Процесс перехода к новым женским фасонам еще больше осложнился после 1718 г., с появлением надеваемых под юбки обручей по английской моде, по-французски именуемых panier (корзина, чехол), а по-русски известных как фижмы, или фишбейн (от немецкого Fischbein – китовый ус). Они сделались общепринятой частью дамского гардероба при всех дворах Европы и представляли собой круглую, а позднее овальную конструкцию из бересты или китового уса, крепившуюся на талии поверх нижней юбки, а уже сверху надевалось платье. Окружность фижм постепенно возрастала, достигнув высшего (или лучше сказать, широчайшего) предела в 1730-х гг.949 Введение фижм в обиход определенным образом сказывалось на осанке и движениях носивших их женщин. Больше нельзя было стоять, опустив руки вдоль тела, а потому их постоянно держали перед собой согнутыми в локтях. К тому же сам размер каркаса (который зависел от уровня светского мероприятия) затруднял любое движение вбок, так что каждый простой маневр – пройтись по комнате, сесть, войти в дверь – превращался в отдельное физическое упражнение950. Русским женщинам, привычным к довольно свободным старомосковским одеяниям, это переодевание как минимум причиняло неудобства, потому что ни двигаться, ни дышать в таком наряде без практики было невмоготу. Словом, так как женщинам петровского времени было велено носить неподобающую с их точки зрения одежду, создававшую им физические затруднения, то и нетрудно понять, отчего многие знатные женщины предпочитали в частной обстановке своих домов или имений по-прежнему надевать старомодные платья.

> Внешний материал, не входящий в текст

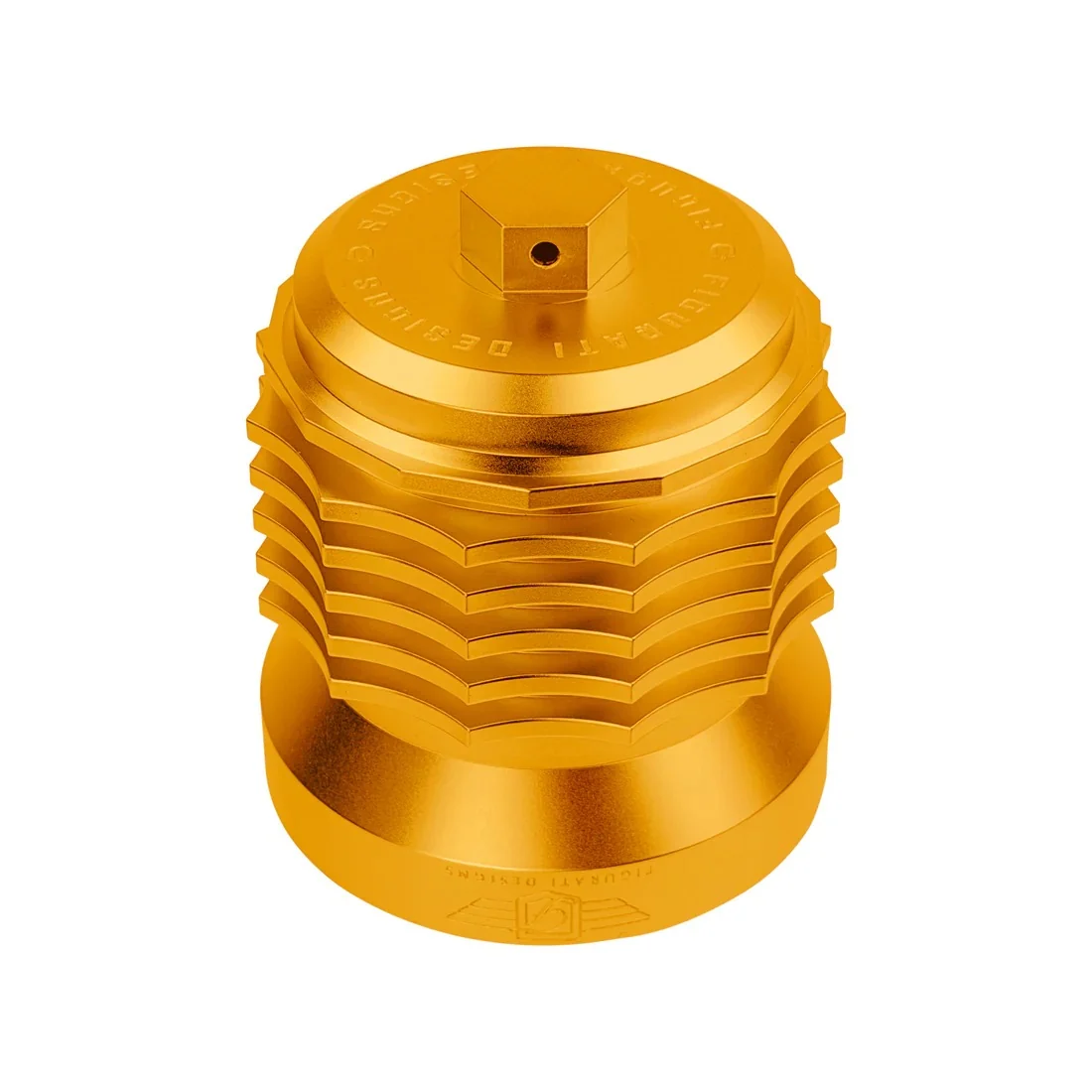 Figurati Designs FIG-FDP01-OILFIL-G Magnetic Reusable Oil Filter Gold for Harley-Davidson Milwaukee Eight 17-Up/Twin Cam 99-17/Evolution 84-99/Sportster 84-21 - Image 3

Старомосковский стиль удерживался в некоторых областях женской моды, например в косметике. В XVI–XVII вв. косметику применяли, чтобы добиться необходимой белизны лица и румянца на щеках, этих традиционных признаков женской красоты. Георг Шлейзинг, немец, побывавший в России в 1680-х гг., отметил, что такой грим был в числе первых подарков, которые муж делал своей молодой жене951. Но при этом русским дамам хотелось вовсе не нежного румянца. Сэмюэл Коллинз, личный врач царя Алексея Михайловича, писал: «Румяна их похожи на те краски, которыми мы украшаем летом трубы наших домов и которые состоят из красной охры и испанских белил»952. Намазанная на лицо толстым слоем, эта краска вызывала немало комментариев со стороны иностранных наблюдателей, хотя и не все они были столь прямолинейны, как Питер Генри Брюс, который забраковал «этот нелепый обычай раскрашивать лица»953. Некоторые современники сравнивали его с английской модой наклеивать мушки – крохотные кусочки шелка или бархата, которыми скрывали изъяны кожи на лице, на плечах, на груди или на руках954. В России они также приобрели популярность как средство привлечь внимание к той или иной части тела, и, подобно языку вееров, появился и язык мушек, названия которых зависели от их размещения955. О популярности мушек можно судить по одному лубку середины XVIII в., на котором были представлены их разнообразные формы, названия и значения956.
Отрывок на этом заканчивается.